1977’de, CHP’lilerin “efsane” dedikleri “zaferi” geldi. Çünkü dağa-taşa “Karaoğlan”, seçmen kütüklerine de mezar taşlarındaki isimler yazıldı! Nüfusumuz 41 milyon, seçmen sayımız da 21 milyon 207 bine çıktı. Bu ülke, CHP sayesinde nüfus artışından çok seçmen artışı gördü! Seçmenimiz 5 milyon birden arttı. Bu sayının yüzde 15 civarı “sahte, mükerrer ve mezardaki ölülerden” oluşuyordu.
Ve CHP, yüzde 41,5 oy aldı.
O günden beri bu sahte “zaferle” övünürler.
Sonra malum 1980 darbesi geldi. 1983’te sözde demokratik seçimler yapıldı. Şimdi sıkı durun, aradan 6 yıl geçmesine rağmen, seçmen sayımız artmadı. Nüfusumuz 6 milyon yükselmesine rağmen, seçmenimiz 1,5 milyon azaldı, 19 milyon 767 bine indi.

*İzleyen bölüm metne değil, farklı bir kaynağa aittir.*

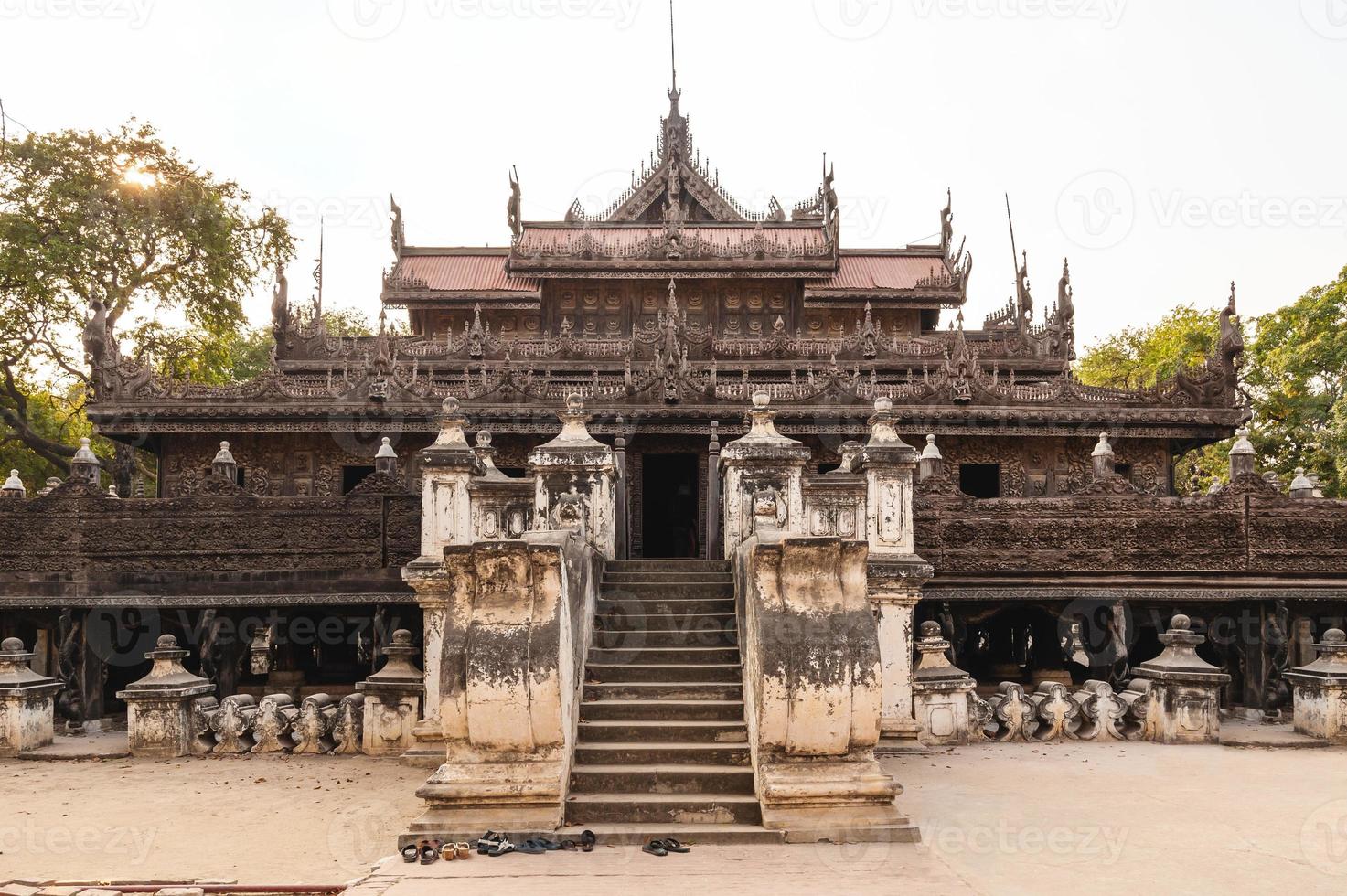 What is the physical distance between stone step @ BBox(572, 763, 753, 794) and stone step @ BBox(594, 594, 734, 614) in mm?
2162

Çünkü CHP kapatılmıştı. Yeni bir operasyon gerçekleştirilemedi. Mezardaki ölüler ve sahte seçmenler oy kullanamadı!
***
Tablo ortada:
O günlerde de dillendirildi, ama “algılar” gerçeklerin önüne geçti. 1977’de büyük seçim hilesi ile alınan bu sonuç “CHP’nin kutlu zaferi” olarak kayıtlara geçti.
Oysa 1977’de AP’nin en az 30 milletvekilliği iç edildi. Demirel de işin farkındaydı. Hemen Hindistan’dan boya getirtti. 1979 Ara Seçimlerinde bu boya kullanılıp mükerrer oylar önlenince, AP o seçimi 5-0 kazandı.

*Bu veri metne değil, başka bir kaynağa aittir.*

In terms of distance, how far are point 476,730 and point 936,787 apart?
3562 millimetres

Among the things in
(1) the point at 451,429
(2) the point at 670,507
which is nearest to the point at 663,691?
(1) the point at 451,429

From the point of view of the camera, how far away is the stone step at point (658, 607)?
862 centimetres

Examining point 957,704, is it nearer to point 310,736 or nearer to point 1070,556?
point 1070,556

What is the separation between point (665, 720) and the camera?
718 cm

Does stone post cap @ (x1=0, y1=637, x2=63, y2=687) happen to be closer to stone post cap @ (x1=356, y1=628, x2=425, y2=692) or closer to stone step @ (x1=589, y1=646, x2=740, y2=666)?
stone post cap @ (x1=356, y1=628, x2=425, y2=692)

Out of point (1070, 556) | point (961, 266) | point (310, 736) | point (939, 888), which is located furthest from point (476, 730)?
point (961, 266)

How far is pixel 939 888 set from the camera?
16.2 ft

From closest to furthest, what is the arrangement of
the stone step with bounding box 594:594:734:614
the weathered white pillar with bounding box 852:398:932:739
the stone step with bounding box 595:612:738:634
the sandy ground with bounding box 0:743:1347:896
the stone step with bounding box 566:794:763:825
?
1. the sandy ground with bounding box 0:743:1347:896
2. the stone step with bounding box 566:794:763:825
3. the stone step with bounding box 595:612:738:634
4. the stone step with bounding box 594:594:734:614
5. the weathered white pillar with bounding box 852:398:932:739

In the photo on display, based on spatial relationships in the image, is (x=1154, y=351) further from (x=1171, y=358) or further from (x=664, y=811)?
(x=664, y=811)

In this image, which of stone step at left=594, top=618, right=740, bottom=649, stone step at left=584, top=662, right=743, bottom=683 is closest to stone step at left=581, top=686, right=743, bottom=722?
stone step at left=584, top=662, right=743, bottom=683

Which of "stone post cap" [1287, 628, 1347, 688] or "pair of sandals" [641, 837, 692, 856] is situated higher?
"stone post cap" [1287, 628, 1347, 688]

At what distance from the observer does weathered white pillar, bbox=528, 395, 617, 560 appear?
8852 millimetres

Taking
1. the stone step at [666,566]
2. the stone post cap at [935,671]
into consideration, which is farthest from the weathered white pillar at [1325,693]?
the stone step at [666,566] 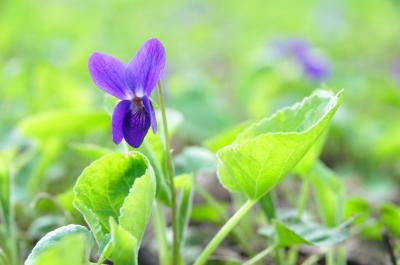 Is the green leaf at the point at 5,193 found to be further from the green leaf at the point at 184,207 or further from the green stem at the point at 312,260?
the green stem at the point at 312,260

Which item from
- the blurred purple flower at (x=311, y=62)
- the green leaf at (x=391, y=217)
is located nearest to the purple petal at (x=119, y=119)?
the green leaf at (x=391, y=217)

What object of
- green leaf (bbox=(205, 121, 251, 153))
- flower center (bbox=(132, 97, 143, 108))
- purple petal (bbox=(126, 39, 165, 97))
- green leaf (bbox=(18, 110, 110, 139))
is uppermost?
purple petal (bbox=(126, 39, 165, 97))

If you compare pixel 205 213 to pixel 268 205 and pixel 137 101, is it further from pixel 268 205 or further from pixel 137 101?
pixel 137 101

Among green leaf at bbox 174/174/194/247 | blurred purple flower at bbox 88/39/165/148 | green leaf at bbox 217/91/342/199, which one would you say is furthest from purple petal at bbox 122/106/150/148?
green leaf at bbox 174/174/194/247

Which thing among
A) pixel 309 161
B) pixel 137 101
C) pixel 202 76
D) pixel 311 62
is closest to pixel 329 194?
pixel 309 161

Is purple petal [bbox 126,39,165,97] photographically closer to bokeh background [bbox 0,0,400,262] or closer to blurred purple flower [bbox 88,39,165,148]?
blurred purple flower [bbox 88,39,165,148]

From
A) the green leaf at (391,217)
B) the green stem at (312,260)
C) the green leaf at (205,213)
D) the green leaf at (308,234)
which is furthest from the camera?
the green leaf at (205,213) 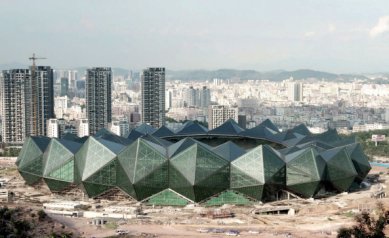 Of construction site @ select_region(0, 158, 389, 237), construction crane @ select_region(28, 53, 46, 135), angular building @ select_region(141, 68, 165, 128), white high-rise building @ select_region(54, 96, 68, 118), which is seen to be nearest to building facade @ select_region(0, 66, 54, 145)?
construction crane @ select_region(28, 53, 46, 135)

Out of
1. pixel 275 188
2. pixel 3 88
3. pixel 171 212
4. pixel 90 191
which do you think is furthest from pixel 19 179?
pixel 3 88

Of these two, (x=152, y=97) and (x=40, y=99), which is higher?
(x=152, y=97)

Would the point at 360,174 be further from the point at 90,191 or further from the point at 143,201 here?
the point at 90,191

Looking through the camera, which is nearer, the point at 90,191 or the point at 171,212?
the point at 171,212

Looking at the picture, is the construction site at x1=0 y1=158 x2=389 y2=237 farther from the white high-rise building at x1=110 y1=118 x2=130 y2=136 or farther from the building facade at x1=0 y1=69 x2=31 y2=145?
the white high-rise building at x1=110 y1=118 x2=130 y2=136

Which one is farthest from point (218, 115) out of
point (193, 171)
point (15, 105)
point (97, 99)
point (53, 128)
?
point (193, 171)

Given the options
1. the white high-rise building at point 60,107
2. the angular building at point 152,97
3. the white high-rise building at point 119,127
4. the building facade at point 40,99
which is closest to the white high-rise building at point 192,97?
the white high-rise building at point 60,107

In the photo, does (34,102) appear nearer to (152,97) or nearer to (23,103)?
(23,103) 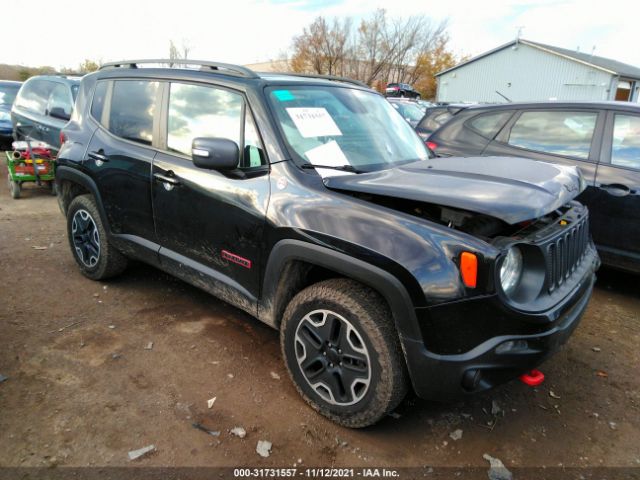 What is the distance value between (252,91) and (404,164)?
1.08m

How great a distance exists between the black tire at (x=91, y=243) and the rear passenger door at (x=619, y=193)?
4289 mm

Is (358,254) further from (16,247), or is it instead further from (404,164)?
(16,247)

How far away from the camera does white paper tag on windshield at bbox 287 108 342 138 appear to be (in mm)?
2771

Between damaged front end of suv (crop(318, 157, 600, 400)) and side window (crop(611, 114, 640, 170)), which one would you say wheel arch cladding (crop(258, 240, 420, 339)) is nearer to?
damaged front end of suv (crop(318, 157, 600, 400))

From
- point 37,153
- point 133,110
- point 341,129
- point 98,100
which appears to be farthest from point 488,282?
point 37,153

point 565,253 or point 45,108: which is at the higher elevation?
point 45,108

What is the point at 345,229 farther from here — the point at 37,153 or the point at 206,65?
the point at 37,153

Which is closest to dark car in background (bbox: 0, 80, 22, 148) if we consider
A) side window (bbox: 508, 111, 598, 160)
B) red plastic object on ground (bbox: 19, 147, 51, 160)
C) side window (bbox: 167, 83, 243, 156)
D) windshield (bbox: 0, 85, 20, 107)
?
windshield (bbox: 0, 85, 20, 107)

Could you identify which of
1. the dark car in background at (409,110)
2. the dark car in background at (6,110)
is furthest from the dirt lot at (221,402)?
the dark car in background at (6,110)

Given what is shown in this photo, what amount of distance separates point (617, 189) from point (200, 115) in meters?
3.56

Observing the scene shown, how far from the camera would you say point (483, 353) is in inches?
79.6

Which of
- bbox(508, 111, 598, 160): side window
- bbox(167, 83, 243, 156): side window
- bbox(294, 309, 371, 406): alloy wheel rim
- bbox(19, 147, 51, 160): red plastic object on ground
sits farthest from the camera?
bbox(19, 147, 51, 160): red plastic object on ground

O dönem konuyu inceleyenlerden biri de Kastamonu Milletvekili Fethi Acar’dı. TBMM Kulisi’nde daha sonra bakan olan CHP’li Hasan Esat Işık’ın anlattıklarını dinlediğinde tüyleri diken diken olmuştu. Işık, CHP Gençlik Kolları’na övgüler düzerek, “çocuklar çok iyi çalışmışlar” demişti:
-Benim adıma da 14 seçmen kartı çıkarmışlar. 13 sandıkta oy kullandım, 14’üncüsüne yetişemedim!
İnanmayan Fethi Acar’ı arayabilir. Daha neler anlatıyor, neler…
Çok gençtik, ama biz de yaşadık o günleri. Bizim de gördüklerimiz ve büyüklerimizden dinlediklerimiz oldu. İyi kötü neler olduğunu bildiğimiz için, bugün yaşananları daha iyi tahlil edebiliyoruz.
O yüzden Binali Yıldırım kameraların karşısına geçip “Oylarımız iç edildi” dediğinde, söylediklerini hiç yadırgamadım.
CHP’nin genlerinde, geleneğinde var bu!
“Algı” denince de kimse ellerine su dökemez. 1977’de mükerrer oylarla ortaya bir sahte “zafer!”çıkardılar. O yol kapanınca da yeni metotlar buldular. Stalin’in “Oyları kimin kullandığı değil, kimin saydığı önemlidir” sözüne sarılıp hayata geçirdiler.
Bugün yaşadığımız sıkıntı, oynadıkları o oyunun sonucudur!